4. The Liberals will make sure that progressive policies are consistent with economic prosperity and fiscal discipline. Jack Layton may be a great guy, but those things aren’t really what gets him going in life. They are a proud part of the Liberal legacy. Our disagreement with the Conservatives is about ends, not just means.

5. Who is in the cabinet is a detail of interest to professional politicians. What matters is whether Canada will have progressive policies or the (add adjectives) policies of the Harper Tories. On that, we can meet the NDP halfway.

6. I wish people in Quebec wouldn’t vote for the Bloc, but they pay taxes and have a right to vote, so we need to meet them halfway too. No cabinet posts for them.

This argument wouldn’t persuade Conservative partisans, but so what? By raising the issue, he makes a Liberal-NDP alliance from second place a debatable proposition.

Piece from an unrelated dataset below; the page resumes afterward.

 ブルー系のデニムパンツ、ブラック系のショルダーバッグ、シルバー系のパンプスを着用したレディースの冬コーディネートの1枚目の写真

The current approach is too nuanced. Harper is setting the terms of the debate, in which coalition is bad, and Ignatieff is responding with evasion.

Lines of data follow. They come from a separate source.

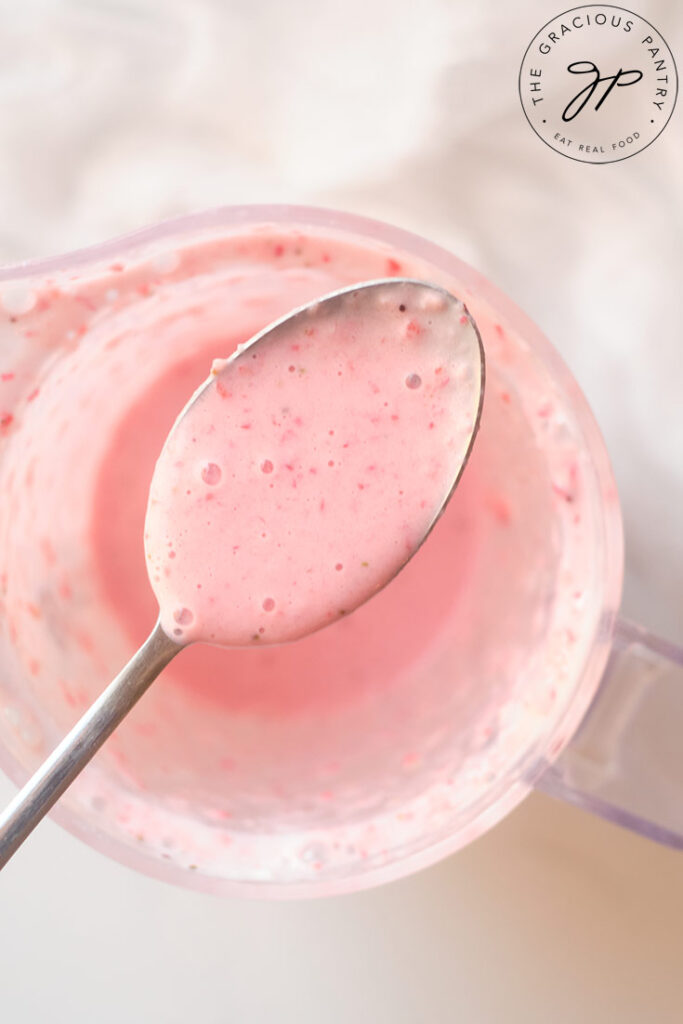 A spoon lifts some of the Strawberry Smoothie out of the blender cup and towards the camera.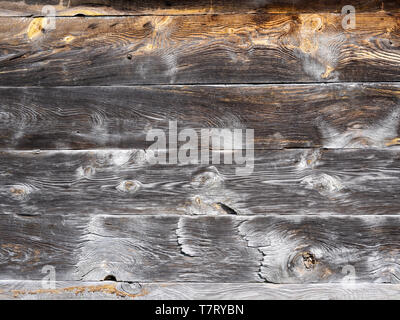 Un muro fatto di vecchi, weathered sbiadito e tavole di legno. Sfondo dal vecchio, pannelli grigio con motivi luminosi. Una parete di un vecchio capannone nel sole luminoso. Foto Stock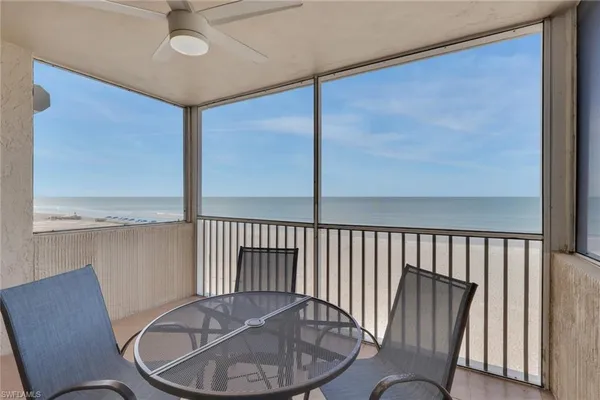 a view of a porch with furniture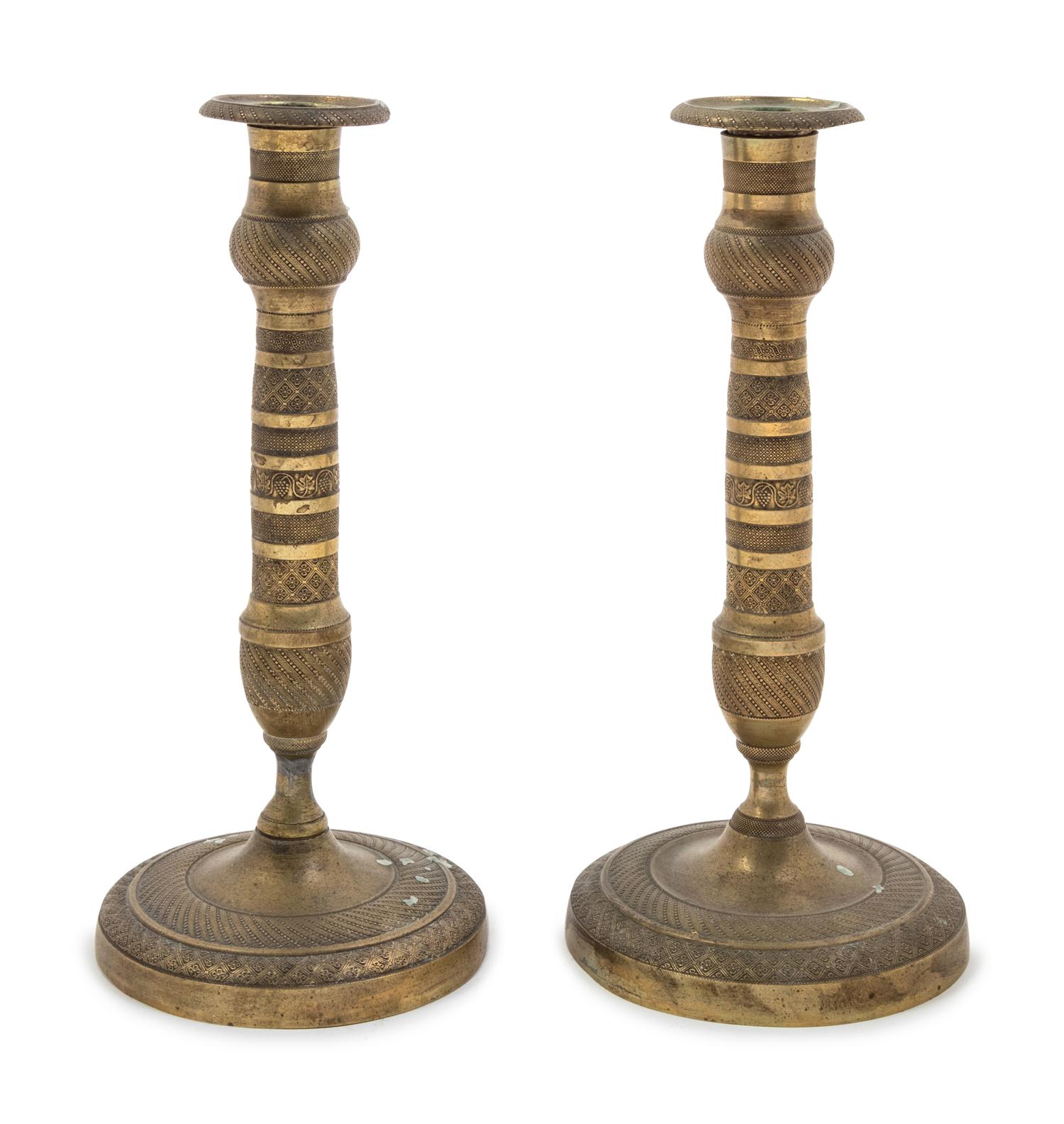 A Pair of Empire Style Brass Candlesticks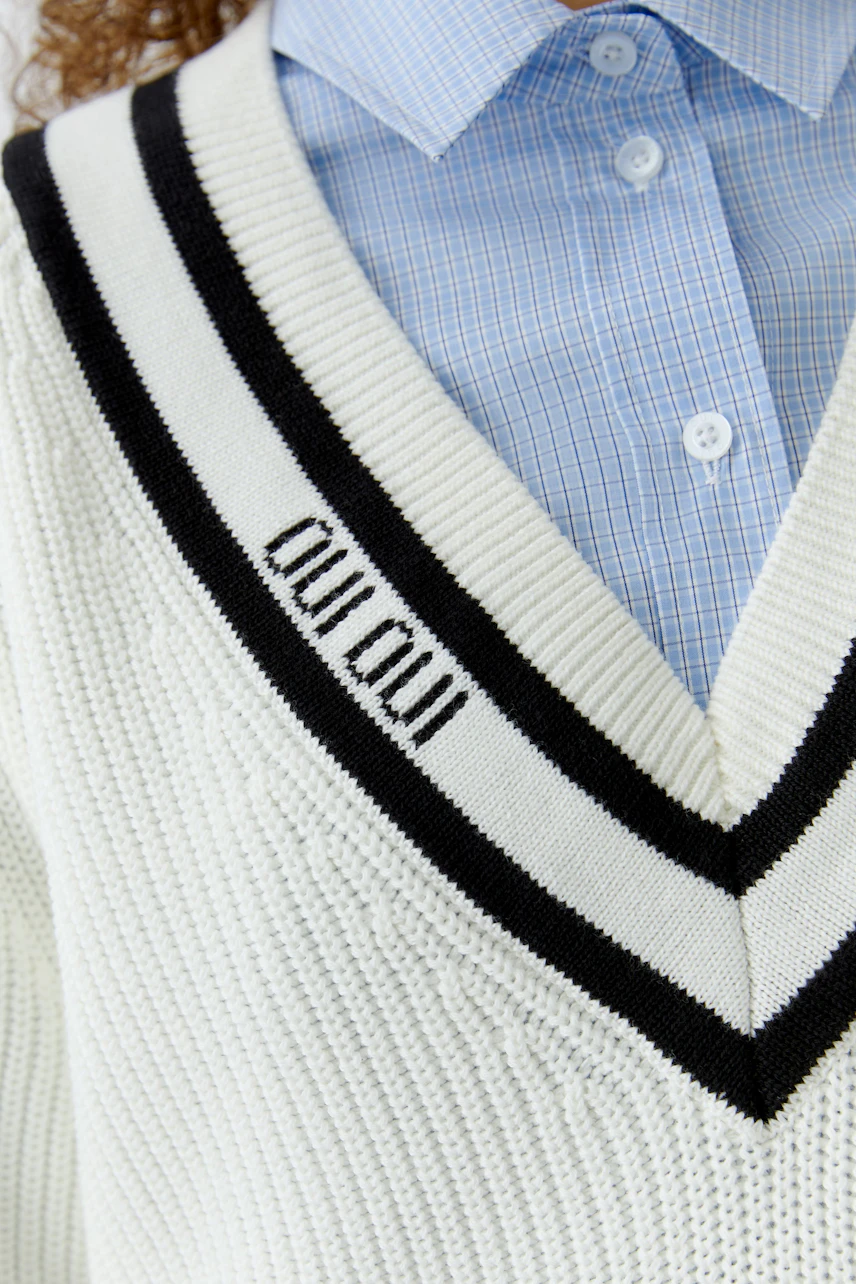 Casual women's pullover: Close-up of a white pullover with a V-neck and black stripes, worn over a shirt.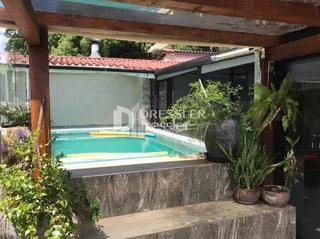 Foto de uma área externa com piscina e estrutura de madeira.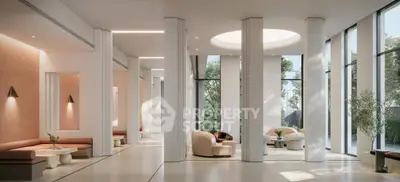 Luxurious modern lobby with elegant seating and large windows offering natural light and garden views.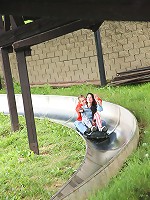 Chick sitting on his giant boner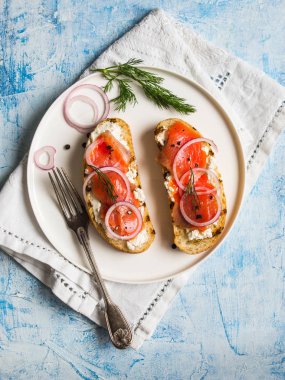 İki sandviç mavi zemin üzerine beyaz plaka üzerinde füme somon ve krem peynir ile. Üstten Görünüm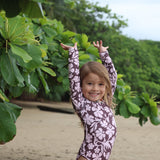 little girl wearing long sleeve one piece bikini in blush and brown hibiscus print.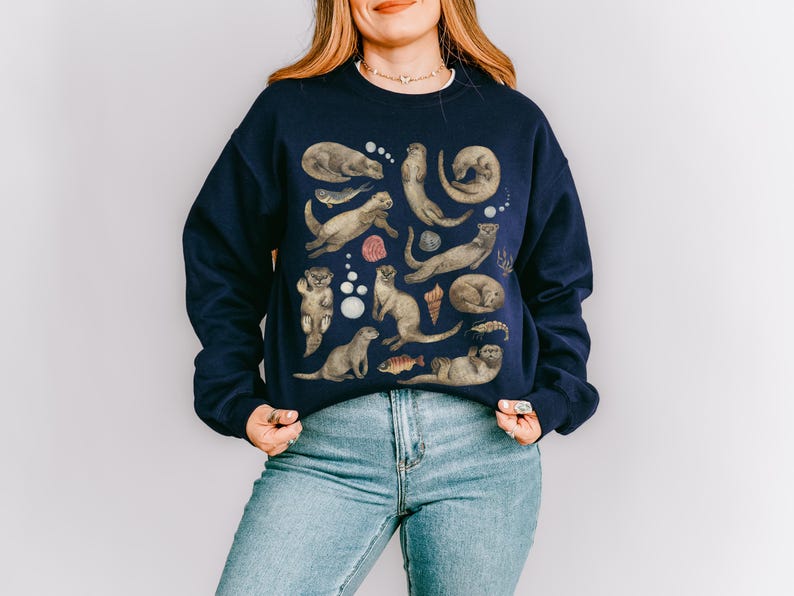 Peut inclure: Sweat-shirt bleu marine orn&eacute; d'un motif d'otaries dans diverses poses, avec des coquillages et des poissons. Les loutres sont repr&eacute;sent&eacute;es dans des tons bruns et gris, cr&eacute;ant un design fantaisiste. Le sweat-shirt est de style d&eacute;contract&eacute;.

One thing that is frustrating about Ignatieff is that in his former life he seemed capable of communicating complex ideas, but now he seems like a really cautious pol voicing platitudes.

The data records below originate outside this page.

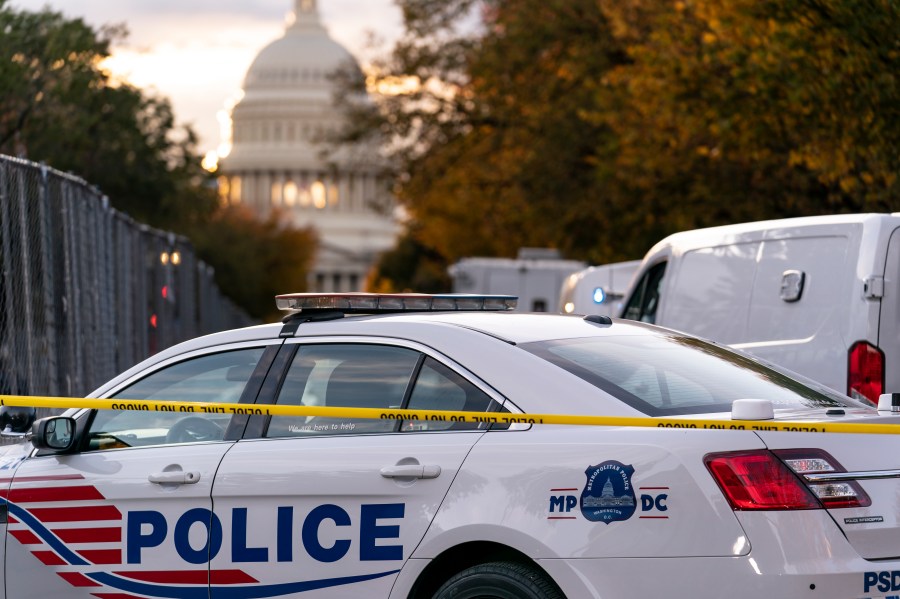 FILE - Washington Metropolitan Police investigate near the Supreme Court and U.S. Capitol in Washington, Oct. 19, 2022. The Republican-led House is set to approve a resolution Wednesday, April 19, 2023, that would block a District of Columbia police accountability bill, further escalating the feud over the right to self-government in the nation’s capital. (AP Photo/J. Scott Applewhite, File)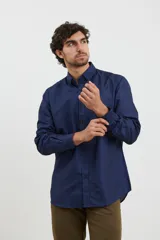 Camisa de manga larga en color azul oscuro con estampado de micro puntos claros. Presenta cuello con botones, cierre frontal abotonado y puños ajustables.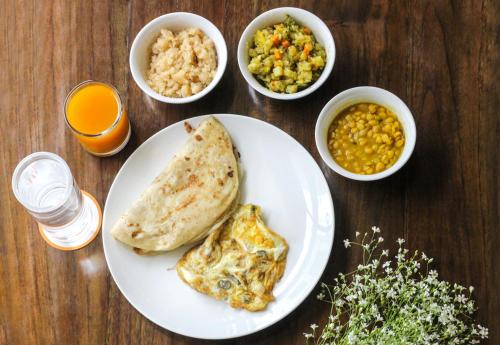 a table with a plate of food and bowls of food at Jatra Flagship Chattogram City Centre in Chittagong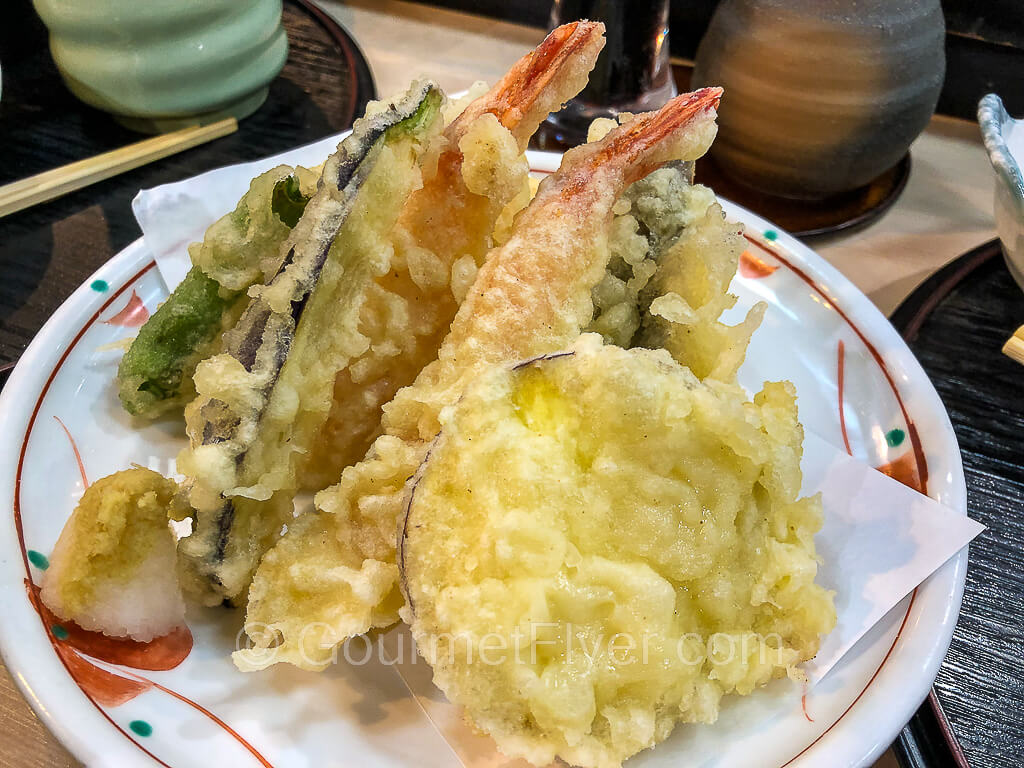 A plate of tempura with shrimps, fish, and vegetables.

The sad state of the campaign

From: Anthony Westell | April 12

I have been observing elections for half a century and I cannot recall a campaign as corrupt as this one – corrupt in the sense of the use of public money to “buy” targeted ridings and communities. The public is either unaware or indifferent, and I blame that in part on the media. I pay particular attention to the Globe and Mail which often buries election stories inside. Today is typical; the story is obviously the the Auditor General’s report, but on the front we have instead a column by Ibbitson pointing out that Harper is far more trusted than the other leaders. And why is that, I wonder?

Anthony Westell is a retired journalist who covered and commented on federal politics for the Toronto Globe and Mail and the Toronto Star.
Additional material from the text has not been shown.